The impacts of the great Mississippi/Atchafalaya River flood on the oceanography of the Atchafalaya Shelf



Alexander S. Kolker, Chunyan Li, Nan D. Walker, Chet Piller, Alexander D. Ameen, Georgia Boxer, Cyndhia Ramatchandirane, Mohammad Ullah, Kelly A. Williams

Rivers are the primary means by which water, sediment, and dissolved material are transported from the continents to the ocean. Despite previous advances, much remains to be learned about the dynamics of large shelf-discharging rivers, and their functional differences with deep water-discharging rivers, particularly with respect to the distribution of sediments in the coastal zone. The great Mississippi/Atchafalaya River flood of 2011 provided an excellent opportunity to examine the impacts of a large shelf-discharging river on the coastal ocean, and the role that event pulses from such rivers play in the delivery of sediment to the inner continental shelf. Vessel-based surveys were conducted on the inner-continental shelf within the Atchafalaya and Mississippi River plume regions, providing in situ measurements of salinity, temperature, dissolved oxygen, turbidity, particle size, and current velocity profiles. MODIS satellite images and Be^7 measurements were used to assist in data interpretation.
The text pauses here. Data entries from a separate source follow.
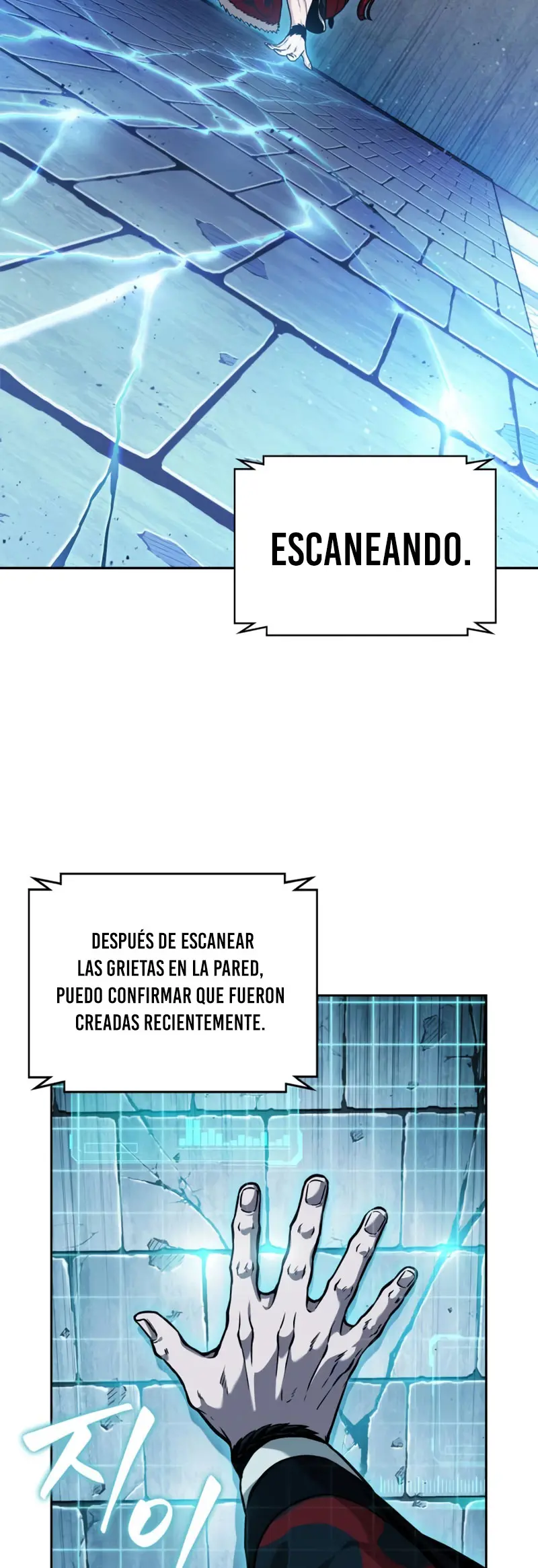 Nano Machine Capitulo 251 página 28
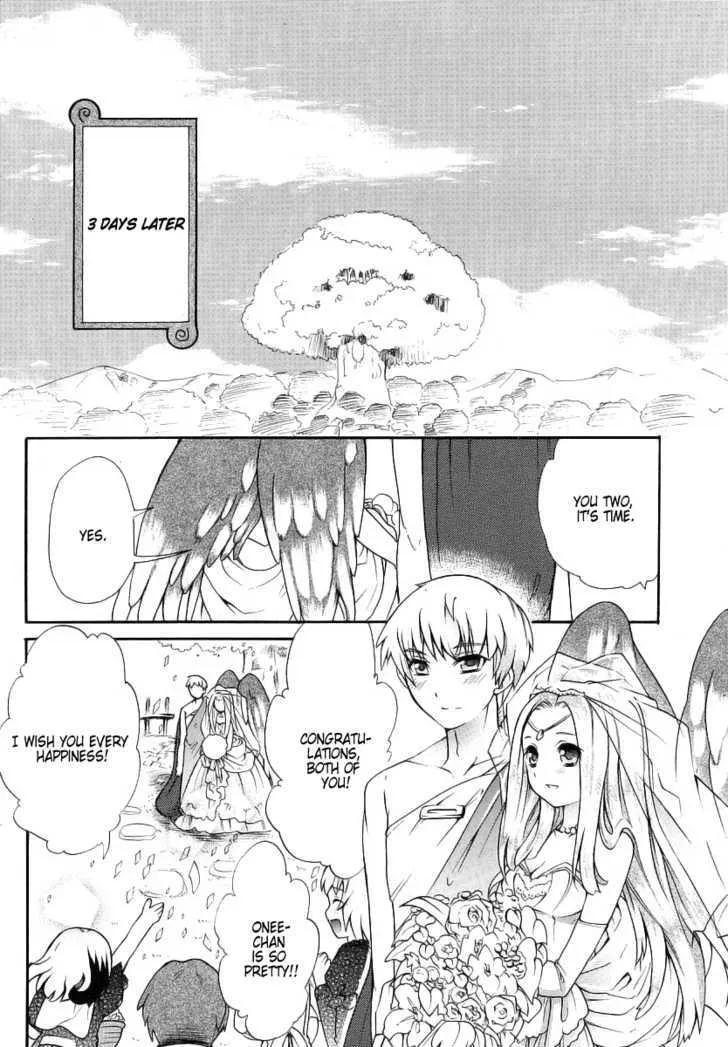 Zero No Tsukaima Gaiden: Tabasa No Bouken Chapter 3 page 27 - 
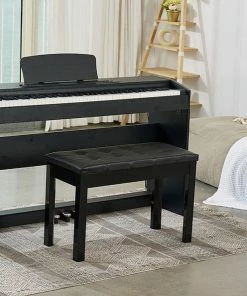 Digital Pianos MAESTRO MGX600 88 Note Digital Piano With Hammer Action Keys Intelligent Bluetooth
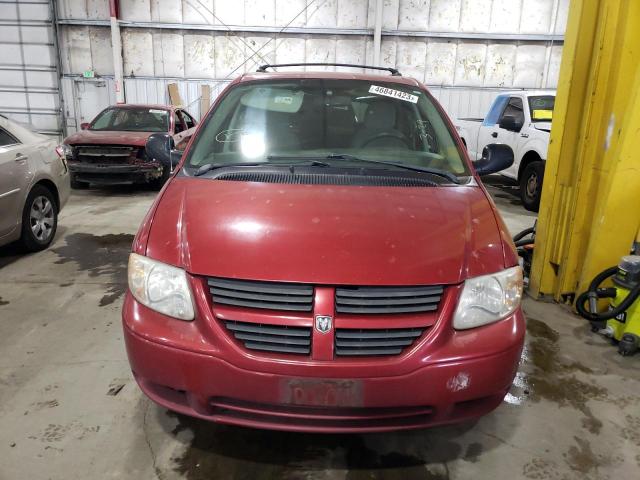 Photo 5 from auction – 2006 DODGE GRAND CARA with VIN 1D4GP24R96B617458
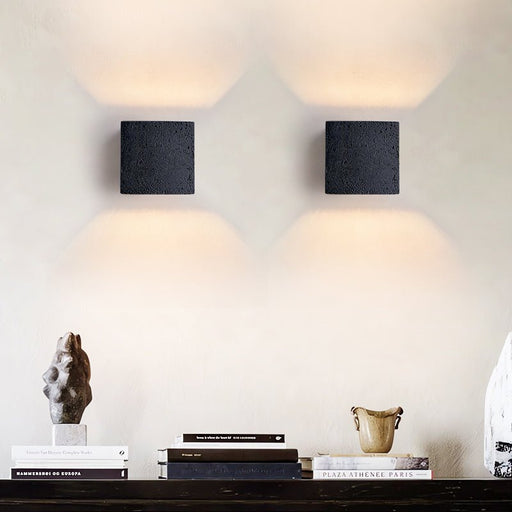Lumina Void Sconce - Simprolos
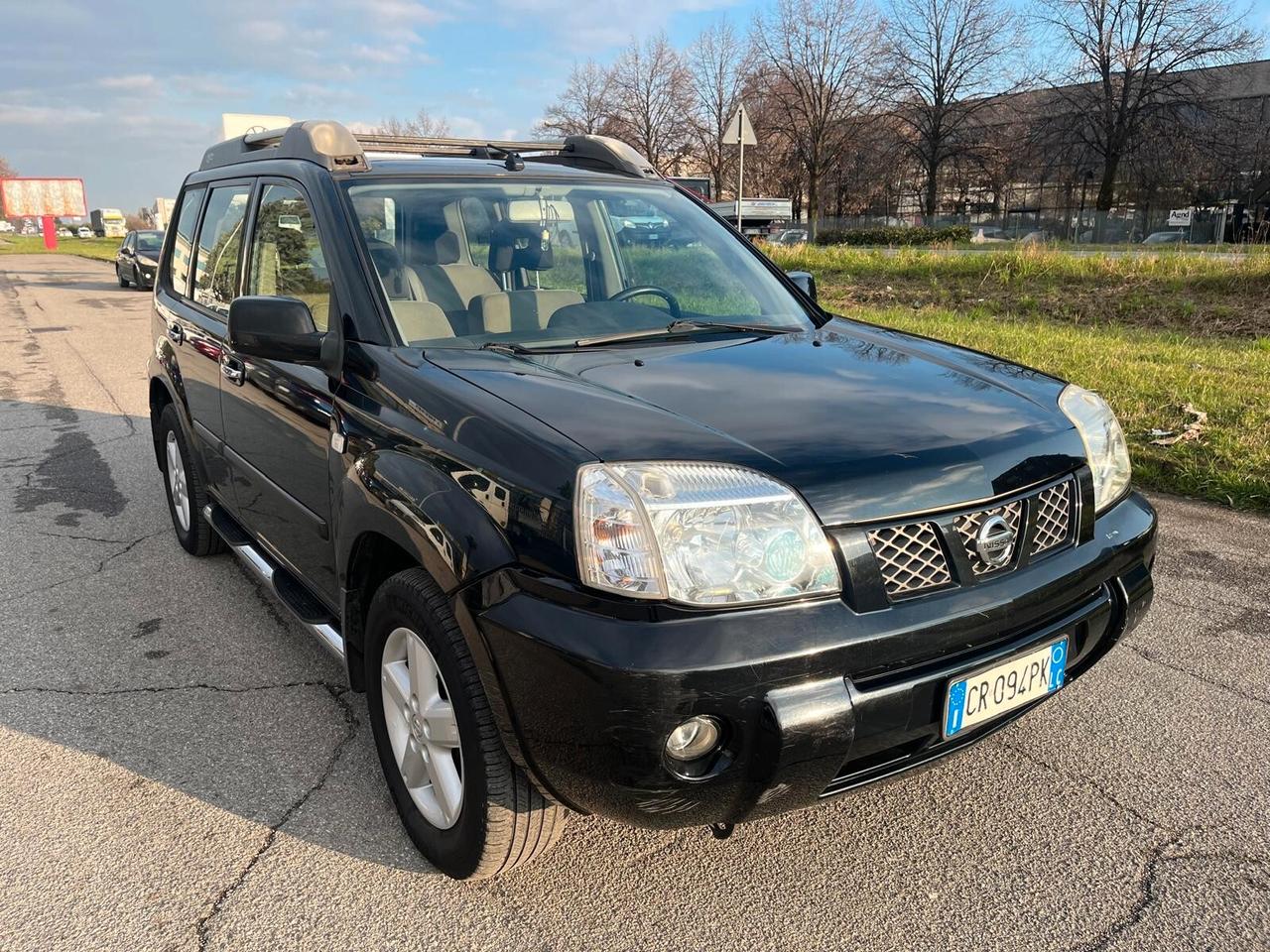 Nissan X-Trail 2.2 dCi Skipower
We demonstrate that the Atchafalaya River plume produced intense vertical gradients in temperature, salinity, oxygen, and turbidity. This occurred despite the shallow bathymetry of this system and the presence of winds, which alternated between onshore to offshore, and that might have otherwise mixed systems with less freshwater. Sedimentation rates along the inner-continental shelf were about 5-10 times greater than those measured previously during smaller "typical" floods. This large deposit is likely to be preserved, at least in the near term, because sedimentation occured beyond normal depths of wave reworking and the intense stratification induced by this flood likely reduced mixing at the time of sedimentation. A sediment budget for this system reveals that sediment fluxes to the coastal zone during 2011 were similar to those observed in previous years, suggesting that this system is supply limited, rather than transport limited. As such, we postulate that the major impact of this flood was to change the location of the depocenter of Atchafalaya River sediments, rather than increase the annual flux of sediments to the coastal zone. These findings imply that extreme flood events may not be an ideal analog for coastal restoration along this deltaic coast.